Obra prima
Já faz um tempinho que planejava escrever sobre Ripley, minissérie lançada pela Netflix no começo de abril deste ano, capaz de trazer personagens emblemáticos e tornar as anosas máquinas de escrever um importante elemento na trama. A carga dramática, o enredo carregado de suspense psicológico, somada à precisão do roteiro e a estonteante fotografia, fizeram a produção neo-noir, protagonizada pelo ótimo Andrew Scott, ser capaz não apenas de alvejar o coração, como até arrancar suspiros poéticos de vários assinantes da gigante do streaming. Criada, escrita e dirigida por Steven Zaillian, a obra, dividida em oito capítulos, busca inspiração lá nos idos de 1955, ano de lançamento do romance policial “O talentoso Ripley”, assinado pela lendária de Patricia Highsmith.
Tom Ripley é um transgressor que vê a sua sorte mudar ao ser contratado por um homem poderoso que quer mandá-lo à Itália para encontrar seu único filho, Richard (Dickie) Greenleaf, e dissuadi-lo a retornar ao EUA. No entanto, meticuloso e calculista, Tom também se revela um assassino impetuoso, disposto a apostar a própria pele para se infiltrar no mundo de Greenleaf, chegando a assumir sua identidade depois de friamente ceifar sua vida, impondo o mesmo destino a quem atravessar seu caminho.
Para compor um personagem tão complexo e desafiador, Andrew Scott emprestou um pouco de carisma para ocultar a total ausência de consciência, compaixão ou empatia do sínico homicida.

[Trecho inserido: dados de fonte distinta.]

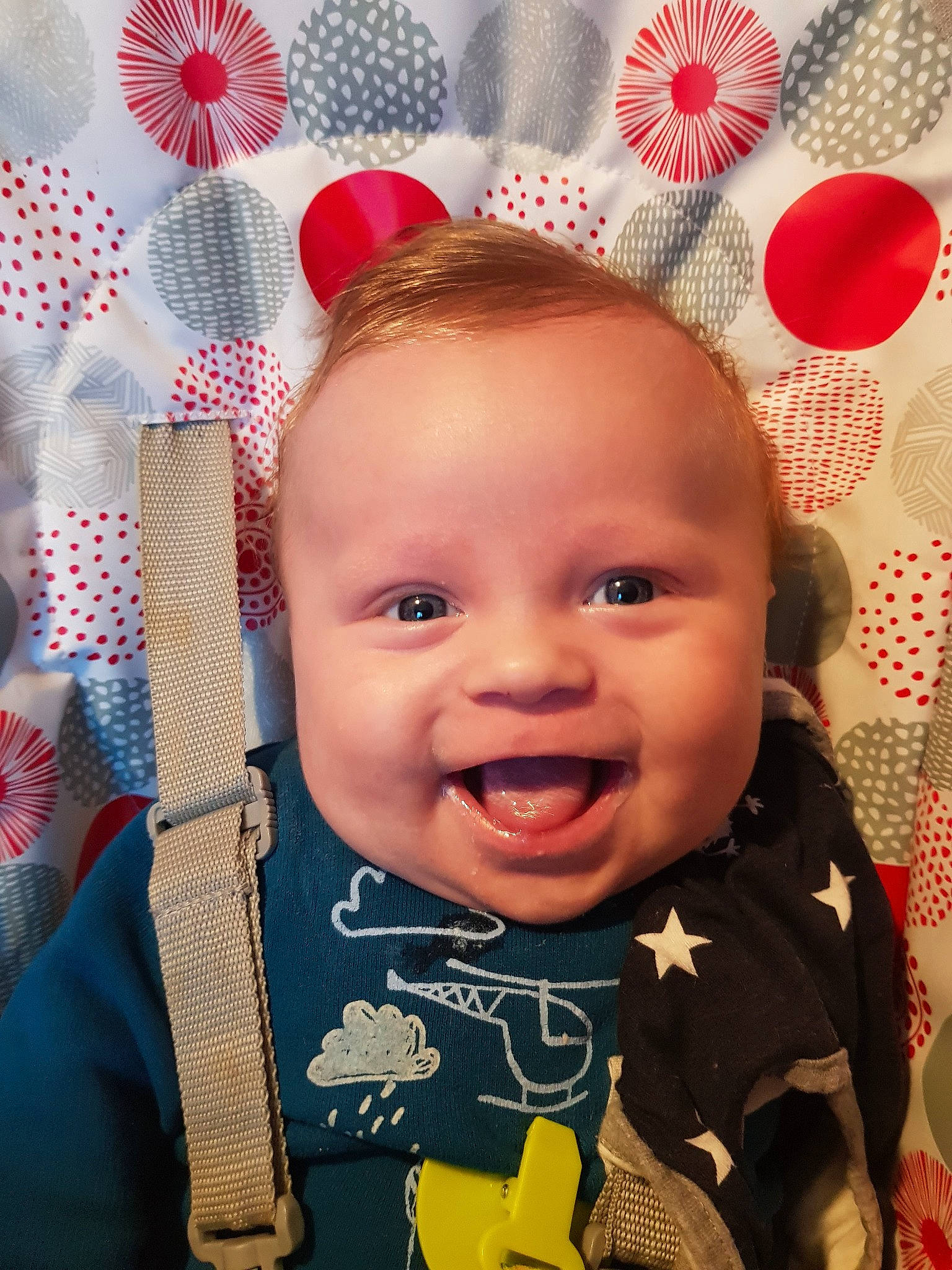 Nino participe au concours pour gagner de l'argent avec cette photo : cheek, child, day, ear, eye, facial_expression, forehead, fun, girl, hair_accessory, happiness, head, infant, pattern, person, product, red, skin, smile, toddler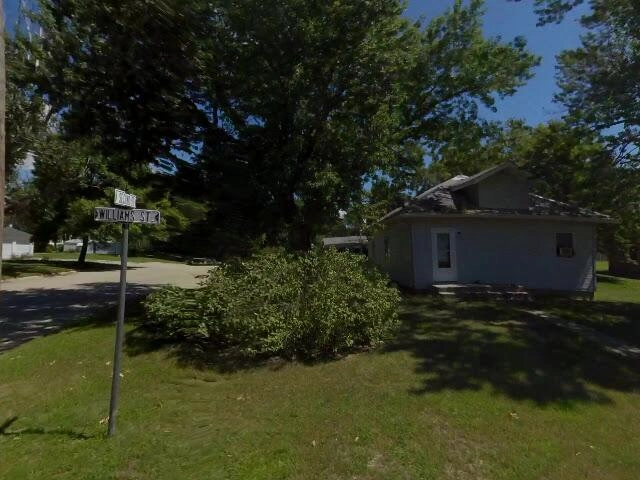 House image located at Anamosa, IA 52205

Os nefastos planos de Ripley vão sendo revelados enquanto o ator, com maestria, transmite a ausência de humanidade do protagonista, mas a despeito do verdadeiro show de atuação, Scott não brilha sozinho de maneira alguma. A minissérie também é marcada por notáveis atuações de Johnny Flynn (Dickie), Maurizio Lombardi (inspetor Ravini) e Dakota Fanning (Marge).
As atuações não são a única cartada de Ripley. A fotografia desponta como um recurso estonteante, despertando fascínio no espectador diante da precisão dos enquadramentos e desperta sua imaginação, fazendo-o incessantemente colorir as passagens no âmbito de um processo mental. O roteiro também é de alta eficiência. Abre mão de qualquer celeridade para decorrer no ritmo próprio, alimentando o delicioso clima de suspense.
Vale lembrar que o personagem Tom Ripley roubou a cena outras vezes no cinema. Em 1960, foi encarnado por ninguém menos que o icônico Alain Delon, no longa “O Sol por Testemunha”. Em “O Retorno do Talentoso Ripley”, de 2004, há uma versão mais madura do personagem, interpretada por John Malkovich. O filme mais famoso foi lançado em 1999, e traz Matt Damon no papel principal.
Máquinas de Escrever
"TEC-TEC-TEC. A série também estabelece uma importante interação com os adeptos do mundo mecanográfico. As máquinas de escrever assumem lugar na tela o tempo inteiro, mas de forma alguma se resumem a meros elementos decorativos, assumindo até certo protagonismo pela peculiar maneira como são inseridas no enredo. Não apenas aparecem atreladas aos personagens como assumem a condição de ferramenta para espelhar sua essência.
Os modelos de máquina também, diante dos mais atentos olhares, servem para caracterizar personagens, pelo menos aqueles no centro da trama. Enquanto o protagonista Tom Ripley ostenta a clássica Underwood, que embora excessivamente bela, pode parecer um tanto “fora de moda” no âmbito da burguesia, o jovem fidalgo Dikie Greenleaf adota a portátil, moderna e cheia de estilo Hermes Baby Rocket. CLAQUE!
Mesmo os não adeptos aos anosos apetrechos apinhados de teclas, podem se emocionar diante de um personagem que está bem além de um vilão clássico ou um anti-herói repleto de facetas excêntricas e caráter controverso. O espectador acaba assumindo certa admiração pela figura peculiar cercado por agruras e de acentuada dimensão psicológica, com conflitos que vão bastante além de um mero suspense. Não aposta em um conteúdo necessariamente apropriado para todos, por exigir apurado poder de observação. É imprescindível apurar a capacidade cognitiva para esmiuçar tantas passagens aparentemente descompromissadas. Aquele capaz de capturar esse espírito ficará absorto e terá uma experiência deveras inspiradora.